*Task brief*: From the first line below to the last, reproduce the material exactly and leave out the images.

*Input data*:

◇ ◇ ◇ ◇ ◇ ◇ ◇

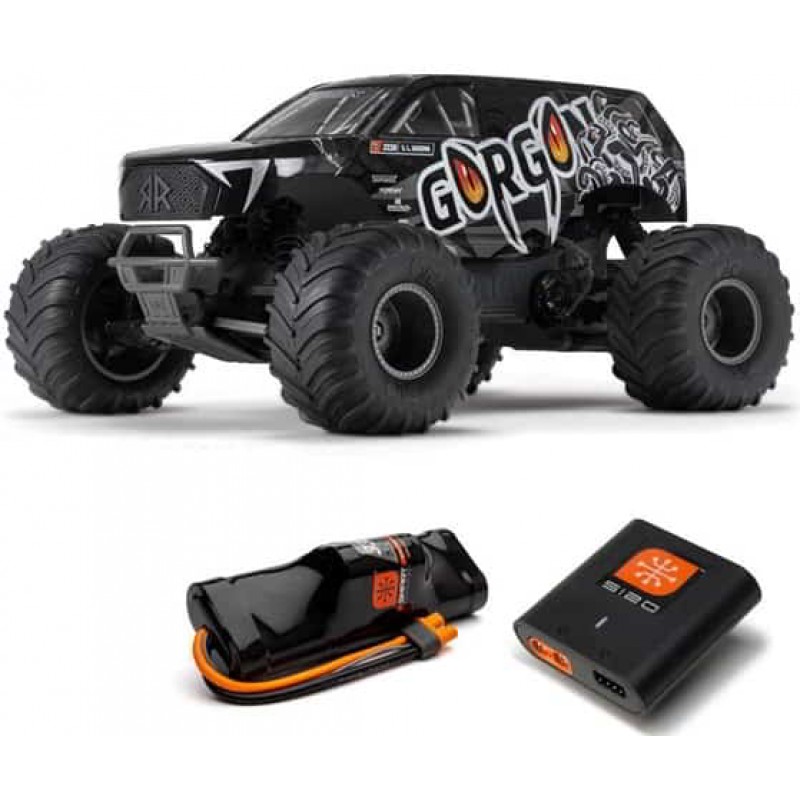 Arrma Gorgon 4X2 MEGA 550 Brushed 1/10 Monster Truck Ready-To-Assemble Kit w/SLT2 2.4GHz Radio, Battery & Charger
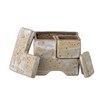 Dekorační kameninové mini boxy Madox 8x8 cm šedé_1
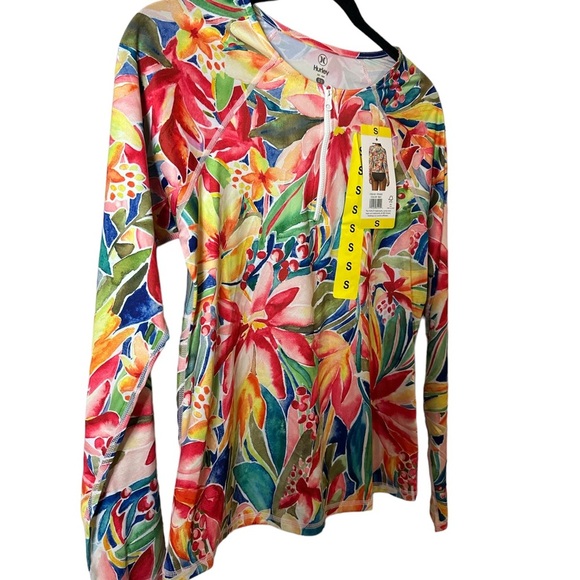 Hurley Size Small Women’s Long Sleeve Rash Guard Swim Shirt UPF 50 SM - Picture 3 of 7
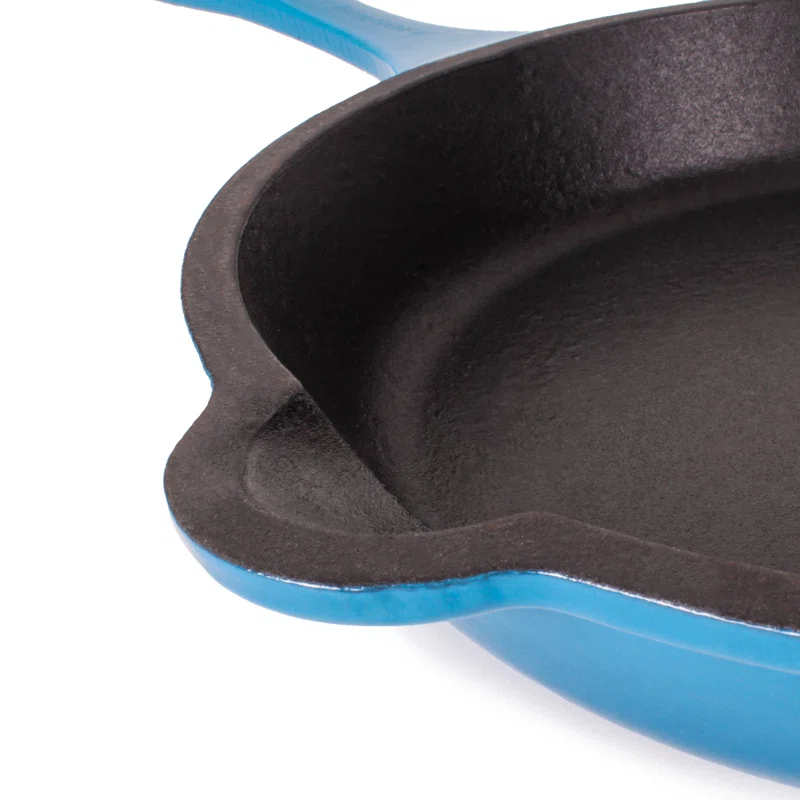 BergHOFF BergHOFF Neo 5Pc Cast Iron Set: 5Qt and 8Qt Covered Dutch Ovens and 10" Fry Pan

◇ ◇ ◇ ◇ ◇ ◇ ◇

*Result of this exercise*:
 Arrma Gorgon 4X2 MEGA 550 Brushed 1/10 Monster Truck Ready-To-Assemble Kit w/SLT2 2.4GHz Radio, Battery & Charger
 Dekorační kameninové mini boxy Madox 8x8 cm šedé_1
 Hurley Size Small Women’s Long Sleeve Rash Guard Swim Shirt UPF 50 SM - Picture 3 of 7
 BergHOFF BergHOFF Neo 5Pc Cast Iron Set: 5Qt and 8Qt Covered Dutch Ovens and 10" Fry Pan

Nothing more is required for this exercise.